Fox Racing Friday | Terrafirma 1
Do you remember the first time you saw Terrafirma? It’s been 25 years since the first installment of the Fox Racing video series was released and the sport has never been the same. For many, this footage was their first glimpse at what the motocross lifestyle was about thanks to the freeriding fun, the in the trenches point of view, the music, and the personalities. To see it now, in what feels like a lifetime since, is a flashback to the way things were.
The opening scene shows Doug Henry’s modest house in the northeast, which included his two number one plates on the wall, a small bedroom, and a full-scale Supercross track in the front yard. The skit that plays out over a few minutes is charming and shows how low key motocross was at the time. The video jumps from one side of the country to the next for Henry’s freeride session at Pismo Beach. With dunes that run right to the Pacific Ocean, Pismo is paradise to sand dune enthusiasts, but the saltwater is hell on bikes. Sort of amazing that Factory Honda signed off on this, at all…
The iconic Rick-James-Travis chatter on the couch separates the pro chapters and what can we say here that hasn’t been said before? All three were kids in the clip but went on to re-write motocross history. We’ve seen Fox Racing staff members wear a t-shirt with an image from this scene on the front and have hoped it would be part of their catalog, but alas it’s absent again.

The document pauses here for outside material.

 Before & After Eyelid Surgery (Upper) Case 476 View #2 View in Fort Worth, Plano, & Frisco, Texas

Ezra Lusk was still early in his career during the filming of Terrafirma but knew how to handle the Suzuki RM250 on the Georgia Supercross track. A southern native, it should be no surprise that Lusk opted to stay on the East Coast as much as he could have in the early 90s and the practice track he built next to the power transfer station was impressive for the era. Is this the original Georgia Training Facility? We could write a thousand words on that canyon jump, too.

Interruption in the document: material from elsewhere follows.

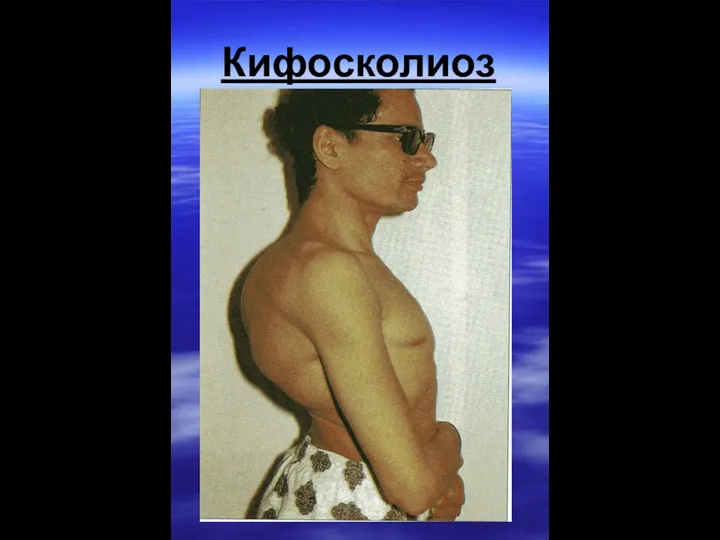 Кифосколиоз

Robbie Reynard’s part is midwest Moto at its finest. A young phenom with the world at his feet, Reynard loaded his little pick-up and took the film crew to a local track where he clicked off lap after lap. It’s obvious to see how the industry was infatuated with Reynard at the time because he made even the sketchiest wheel tap over a single seem simple. Now two decades later, Reynard owns a track and helps top-level pros avoid the pitfalls that can come with injuries.
The 125 Nationals were cutthroat. It seemed like every track had some sort of technical jump in its layout, the bikes were going faster than they ever had up to that point, and the crowd was inches away from the action. With all that said, it would have been okay for riders to leave a little more room between each other on the track. Nope. The competitors raced the outdoors like it was life and death and big hits or crafty passes were a part of the game. Ryno decked the defending champion after a takeout. Seeing some of the race organization now is downright shocking, like how there were barely any yellow flags to alert riders to an issue on the backside of a blind jump. That was then, this is now.

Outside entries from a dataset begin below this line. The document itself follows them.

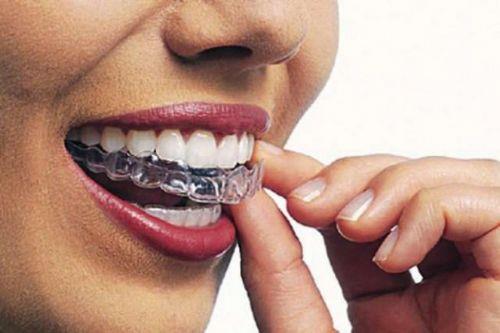 Takma damak ve di tellerinin dzenli olarak temizlenmesi arttr.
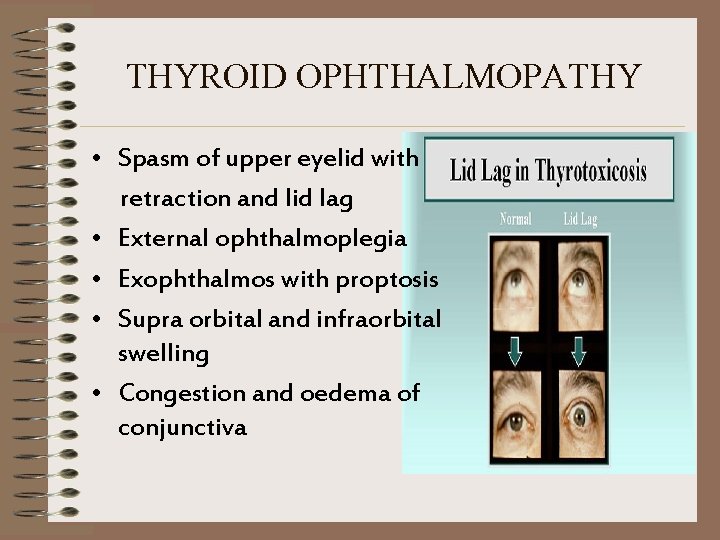 THYROID OPHTHALMOPATHY • Spasm of upper eyelid with retraction and lid lag • External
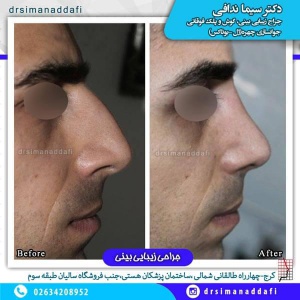 جراحی-بینی-100-6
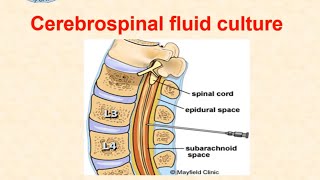 Cerebrospinal fluid culture  Micro Lab 2  Dr Ismail [upl. by Stasny]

Henry was Fox Racing’s guy at the time. The clips from Castillo Ranch, matched up to Alice In Chains, is 1994. Didn’t matter if it was the Northeast SX track, the Pismo sand, or the Castillo dirt hits, Henry had control over the bike’s every movement and made it look effortless every time. The seriousness of the sport was immediately downplayed the moment Elvis walked out of the Henry house and it’s quite the end to Terrafirma.